## The problem
Please output the lines from the one with "Golden-browned folded flatbread" through the end of the data exactly as written, omitting all pictures.

(Brief descriptive captions)
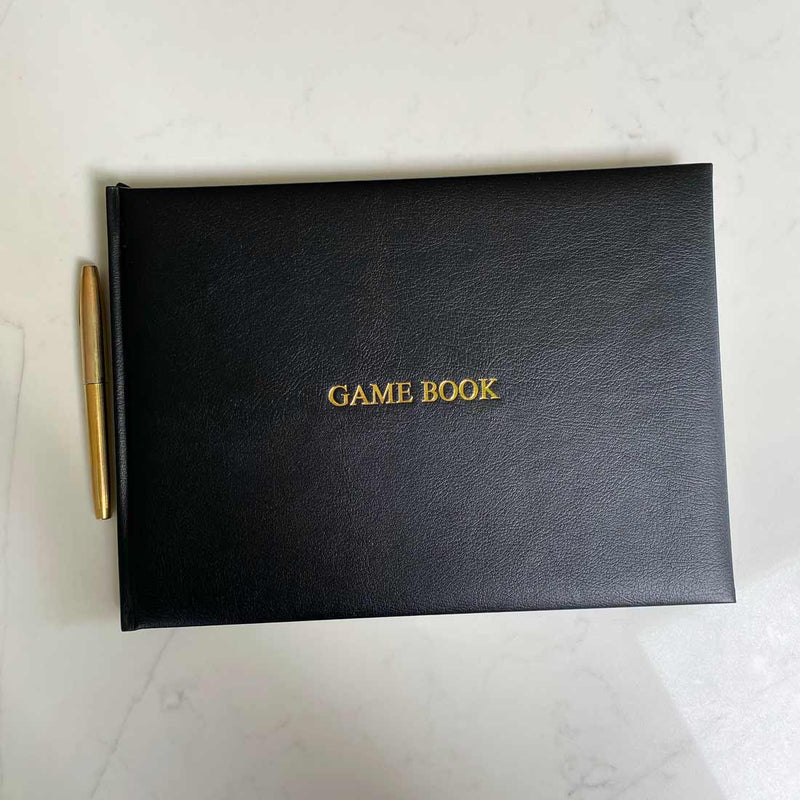Pemberly Fox's black leather game book can be personalised with gold embossed initials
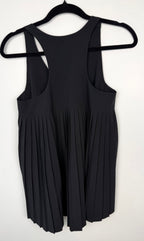 back of Athleta Black Pleated Flowy Tank Top at Blue Sparrow Shop on woman looking out patio door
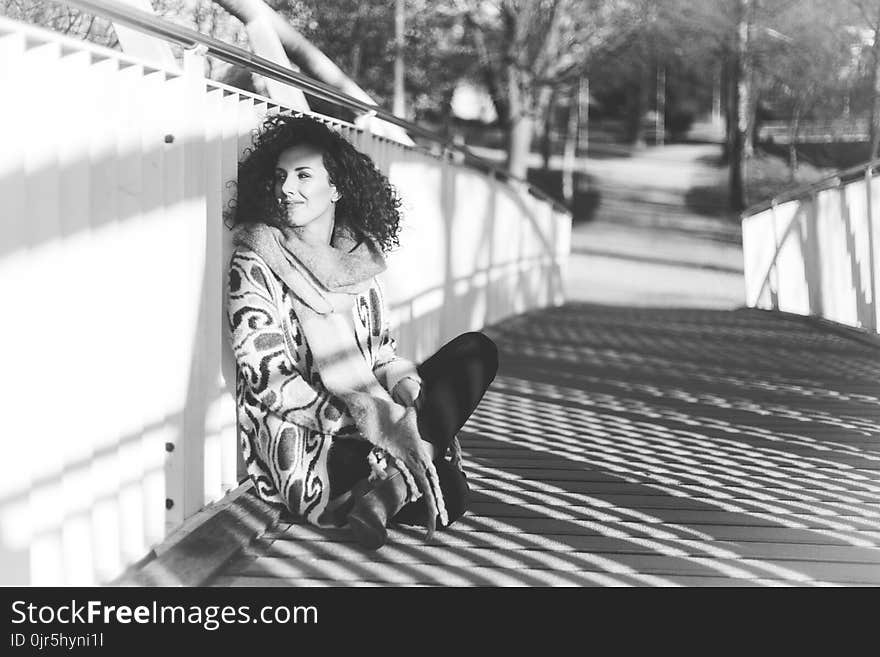 Grayscale Photo of a Woman Sitting Beside a Rail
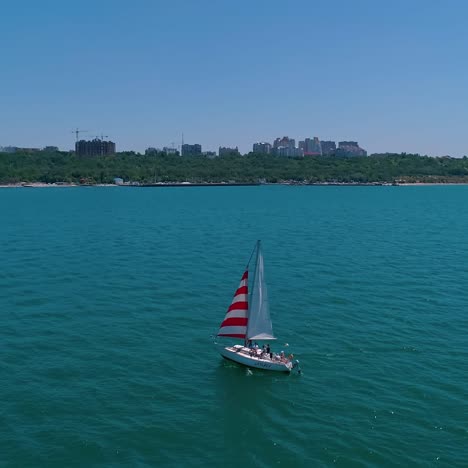 seascape with sail boat. nature seascape with sail boat cruising at sea bay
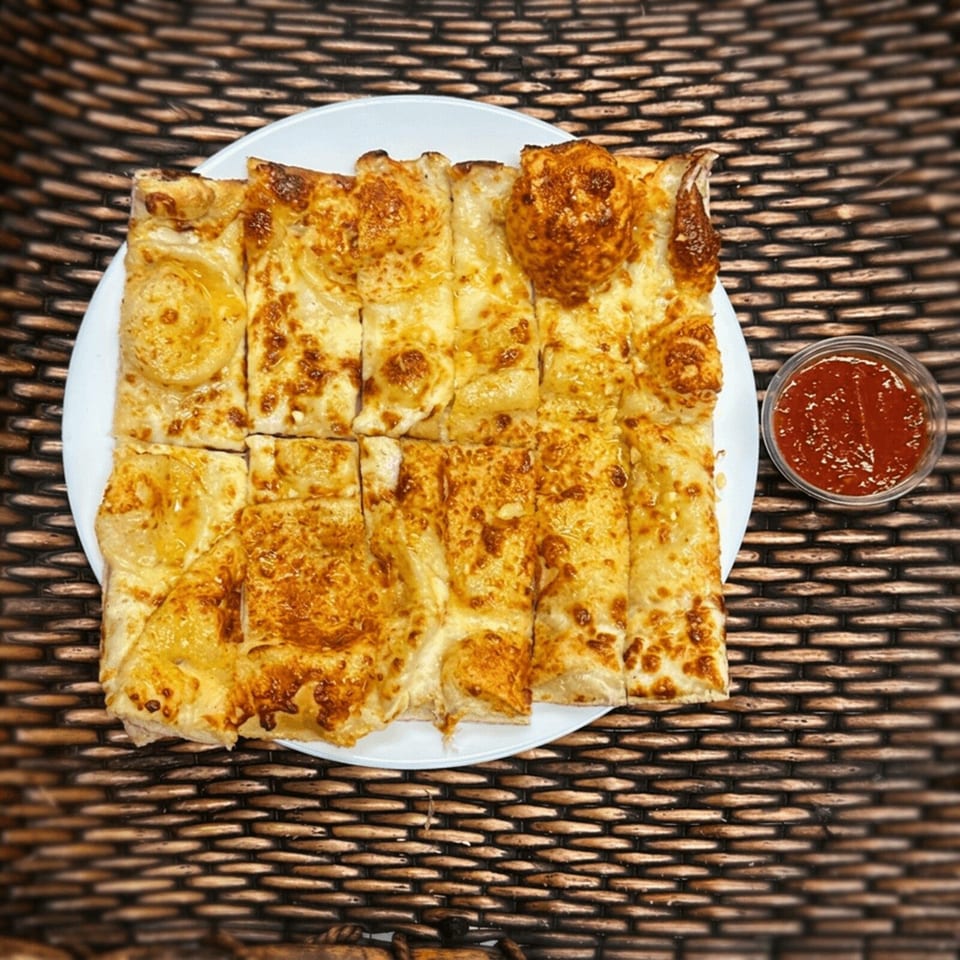 Golden-browned folded flatbread pieces arranged on a white plate with a small bowl of red dipping sauce.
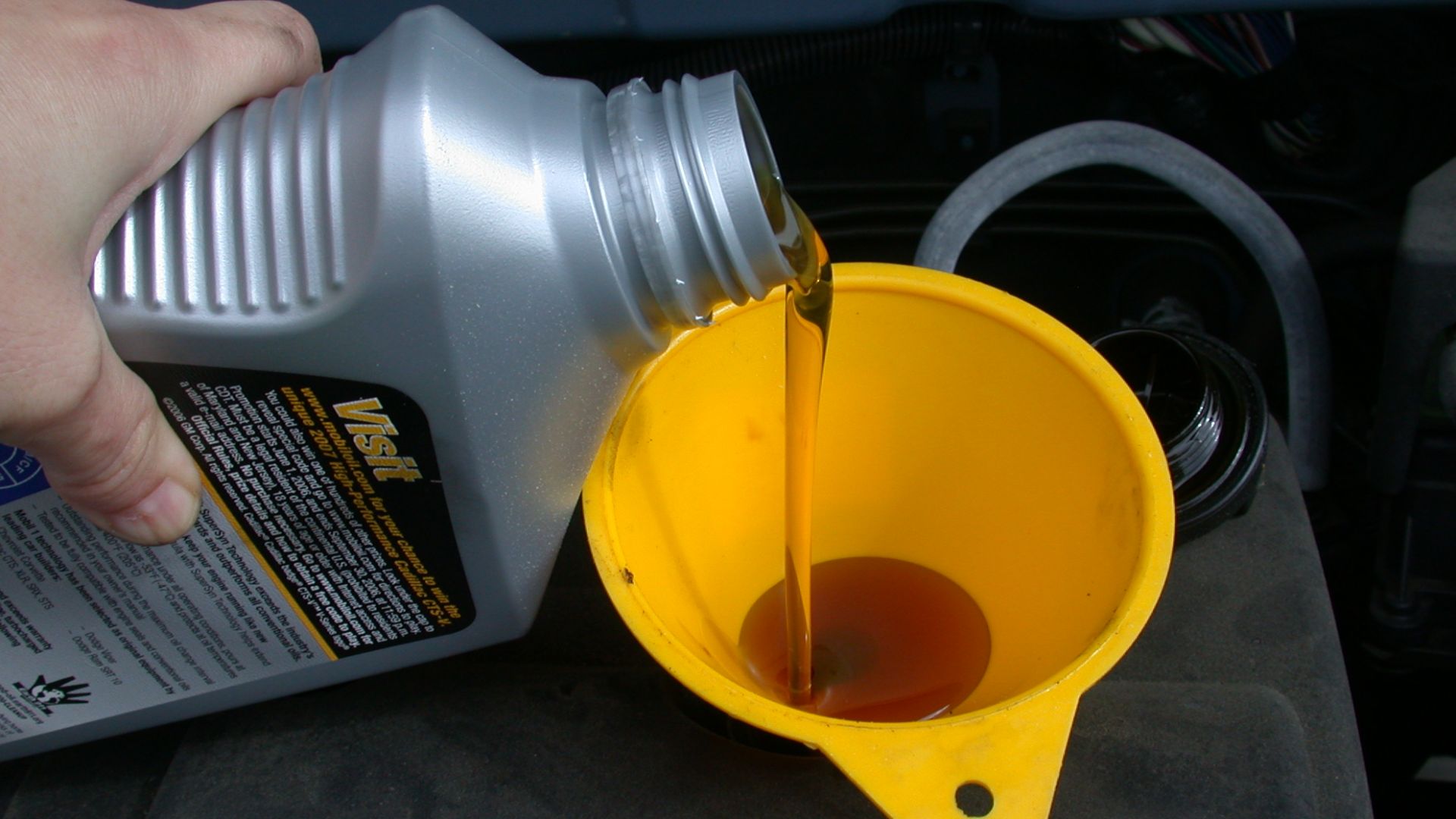 Using a funnel to refill the motor oil in an automobile as part of an oil change.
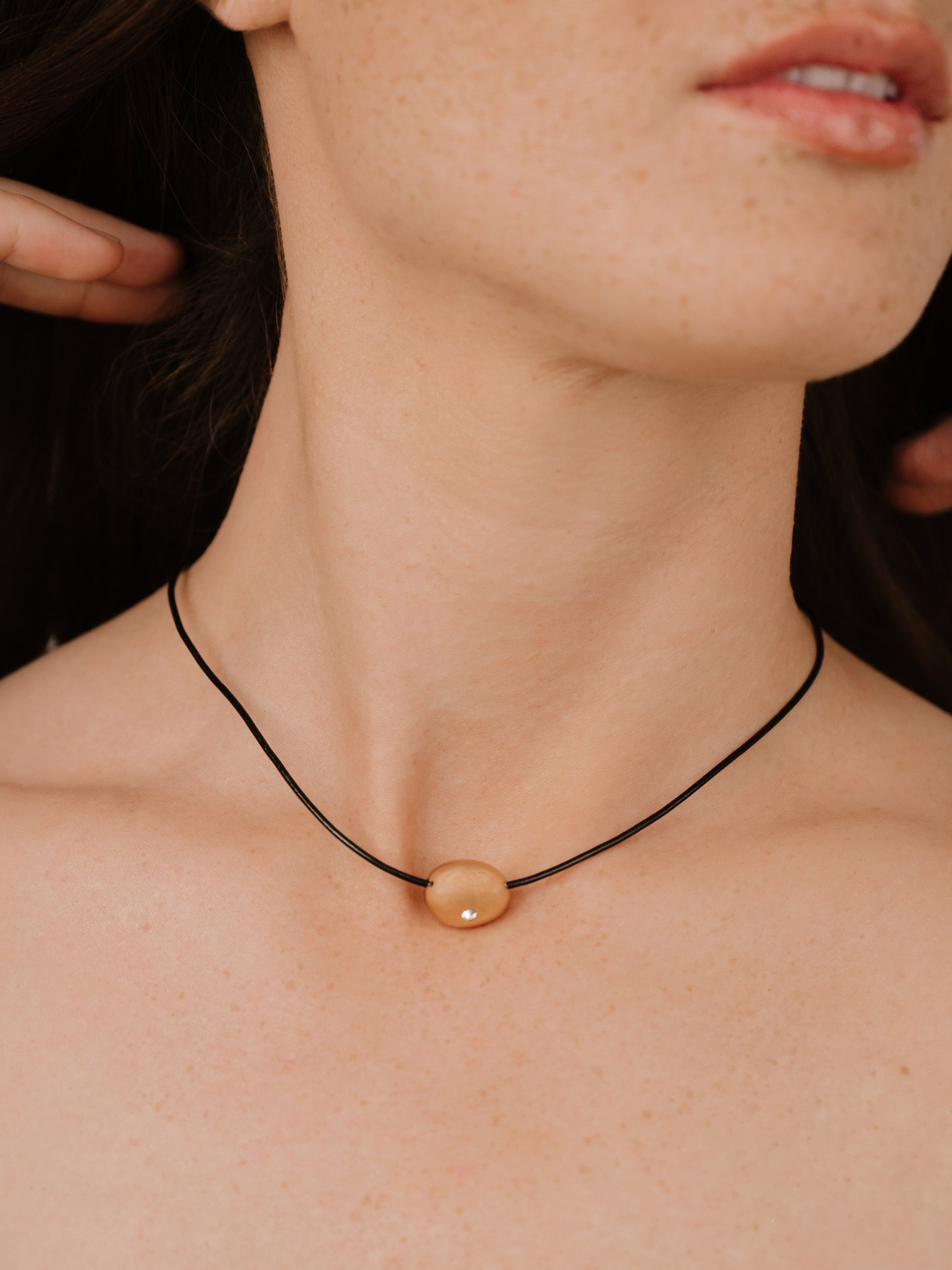 Single Crystal Polished Pebble Leather Pendant Necklace on model 6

## Output for this exercise
 Golden-browned folded flatbread pieces arranged on a white plate with a small bowl of red dipping sauce.
 Using a funnel to refill the motor oil in an automobile as part of an oil change.
 Single Crystal Polished Pebble Leather Pendant Necklace on model 6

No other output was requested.